[Work instruction] Pictures stay out of the copy; output exactly the lines from the one containing "Load image into" through the end of the material.

[Exercise input]
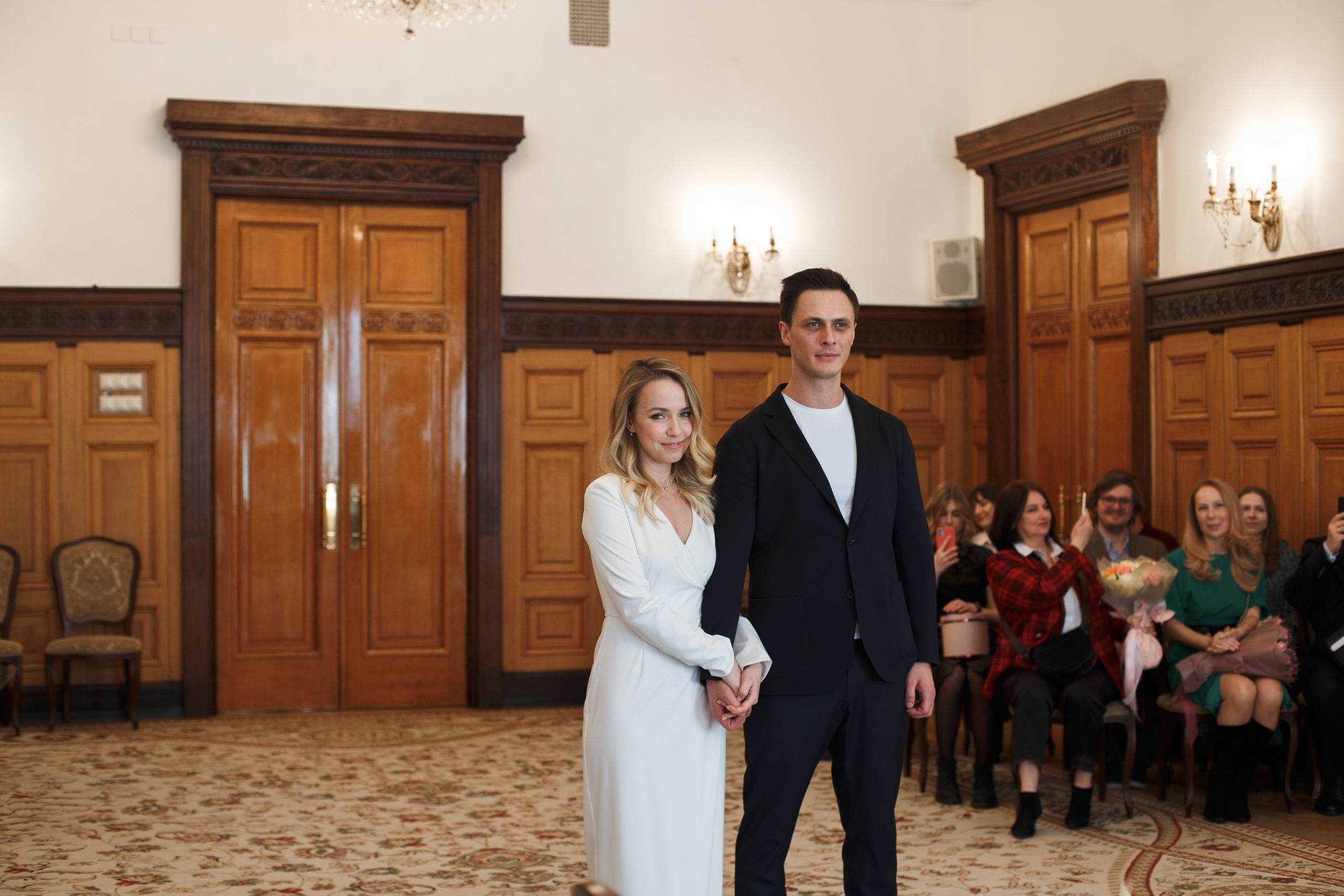 Екатерина и Артём. Фотограф Екатерина Гюнгор ♡ Фетхие Мармарис Ортаджа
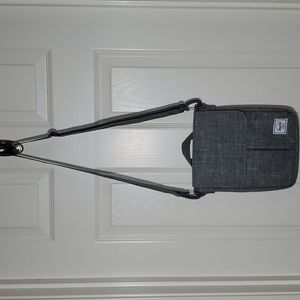 Herschel Supply Co Crossbody bag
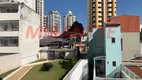 Foto 14 de Apartamento com 1 Quarto à venda, 39m² em Santana, São Paulo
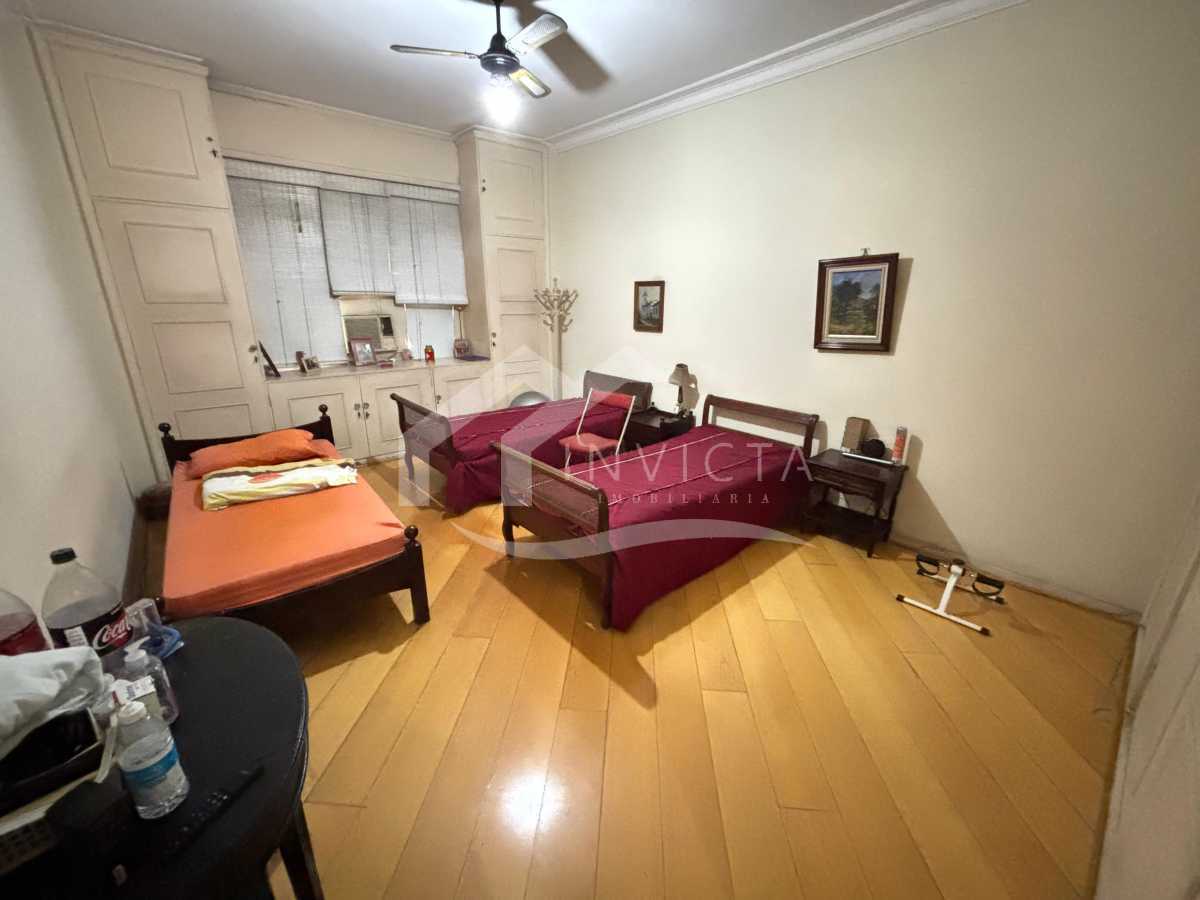 WhatsApp Image 2026-01-22 at 1 - 13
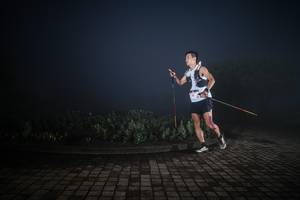 BIB: 
                            <button type="button" onclick="openModal(22635554)" class="btn btn-primary btn-sm float-right btn-popup" data-toggle="modal" data-target=".modal-high-quality">
                        <i class="fas fa-shopping-cart"></i> Add to Cart
                    </button>
                                            <button type="button" onclick="isThisMe(22635554, true)" class="btn btn-success btn-sm float-right btn-popup btn-isme hidden" data-toggle="tooltip" data-placement="bottom" title="นี่คือรูปของคุณใช่ไหม คลิกที่นี่เพื่อเอาเข้าอัลบั้ม">
                        <i class="fas fa-plus"></i> Add to album
                    </button>
                    <button type="button" onclick="isThisMe(22635554, false)" class="btn btn-warning btn-sm float-right btn-popup btn-isnotme hidden">
                        <i class="fas fa-ban"></i> Remove from album
                    </button>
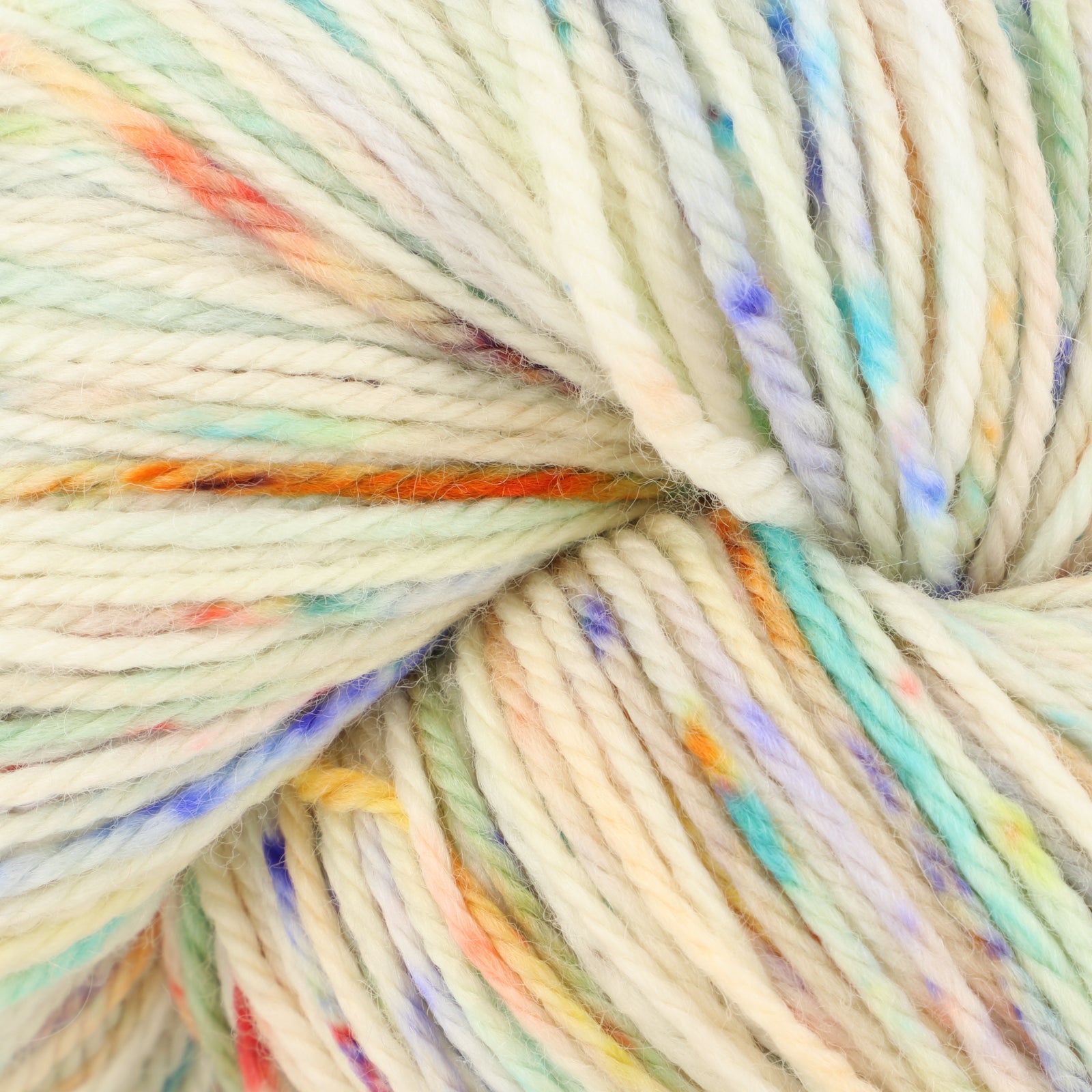 Koigu Jasmine Yarn - Merino Wool DK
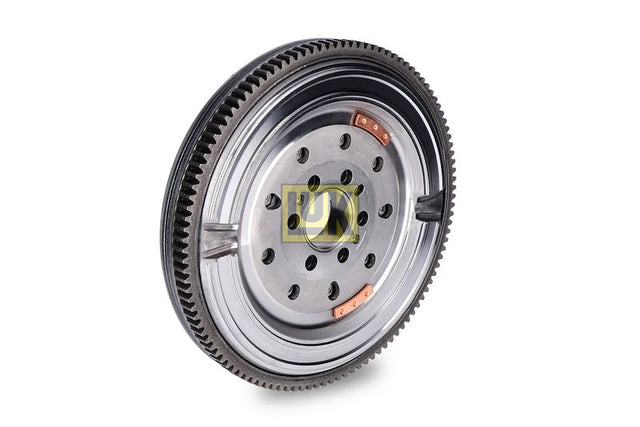 LuK Dual Mass Flywheel 415047910 - image 3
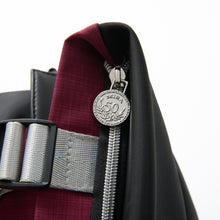 Load image into Gallery viewer, Rean Schwarzer Model Shoulder Bag The Legend of Heroes: Trails Beyond the Horizon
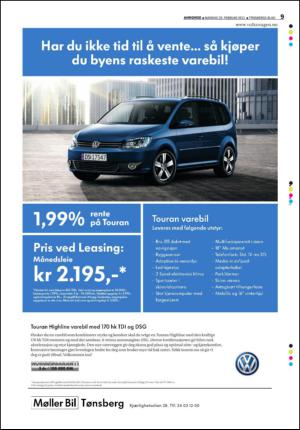 tonsbergsblad_del2-20130225_000_00_00_009.pdf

[Result for this task]
 Load image into Gallery viewer, Rean Schwarzer Model Shoulder Bag The Legend of Heroes: Trails Beyond the Horizon
 tonsbergsblad_del2-20130225_000_00_00_009.pdf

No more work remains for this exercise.